The high-cycle fatigue (HCF) properties and deformation behavior of additively manufactured equiatomic CoCrFeMnNi high-entropy alloys (HEAs), strengthened by in-situ formed oxides, were investigated. A CoCrFeMnNi HEA manufactured by selective laser melting (SLM) had a heterogeneous grain structure and dislocation network-induced sub-structures. Furthermore, nanosized oxides dispersed at the sub-structure and grain boundaries of SLM-built HEA. The results of tensile tests indicated that this SLM-built HEA had superior yield strength of 774.8 MPa with an elongation of 30.8%. The S-N curves revealed that the resistance of the SLM-built HEA to HCF was extraordinarily high compared with that of a homogenized (conventional casting + hot rolling + heat treatment) HEA. The corresponding fatigue limits of the SLM-built and homogenized HEAs were 570 MPa and 280 MPa, respectively.
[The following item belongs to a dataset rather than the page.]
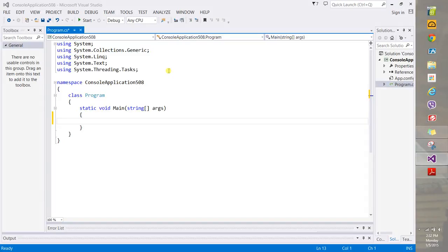Hi guys, welcome. In this video we are going to take a look at foreach loops. Again, this is another mechanism that allows us to step through a construct of some kind, one step at a time. So let's take a look at what I mean.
The excellent fatigue resistance of the SLM-built HEA is attributed to its unique microstructural characteristics (i.e., heterogeneous grain structures, dislocation networks, and in-situ formed oxides), and the deformation twins generated during cyclic load. The un-melted powder generated during the additive manufacturing (AM) process also contributed to the HCF resistance of the SLM-built HEA. Based on these findings, the correlations among the unique microstructure, internal defects, HCF properties, and fatigue fracture mechanism of the SLM-built HEA are also discussed.

研究了通过原位形成的氧化物增强的增材制造的等原子CoCrFeMnNi高熵合金（HEA）的高周疲劳（HCF）特性和变形行为。通过选择性激光熔化（SLM）制造的CoCrFeMnNi HEA具有异质晶粒结构和位错网络诱发的亚结构。此外，纳米级氧化物分散在SLM构建的HEA的子结构和晶界处。拉伸试验的结果表明，这种由SLM制成的HEA具有774.8 MPa的优异屈服强度，伸长率为30.8％。SN曲线表明，与均质（常规铸造+热轧+热处理）HEA相比，SLM制成的HEA对HCF的抵抗力极高。SLM建造的均质HEA的相应疲劳极限分别为570 MPa和280 MPa。SLM建造的HEA出色的抗疲劳性归因于其独特的微观结构特征（即异质晶粒结构，位错网络和原位形成的氧化物），以及在循环载荷过程中产生的形变孪晶。在增材制造（AM）过程中产生的未融化粉末也有助于SLM建造的HEA的HCF抗性。基于这些发现，还讨论了SLM建造的HEA的独特微观结构，内部缺陷，HCF特性和疲劳断裂机理之间的相关性。非均质的晶粒结构，位错网络和原位形成的氧化物），以及在循环载荷过程中产生的形变孪晶。在增材制造（AM）过程中产生的未融化粉末也有助于SLM建造的HEA的HCF抗性。基于这些发现，还讨论了SLM建造的HEA的独特微观结构，内部缺陷，HCF特性和疲劳断裂机理之间的相关性。非均质的晶粒结构，位错网络和原位形成的氧化物），以及在循环载荷过程中产生的形变孪晶。在增材制造（AM）过程中产生的未融化粉末也有助于SLM建造的HEA的HCF抗性。基于这些发现，还讨论了SLM建造的HEA的独特微观结构，内部缺陷，HCF特性和疲劳断裂机理之间的相关性。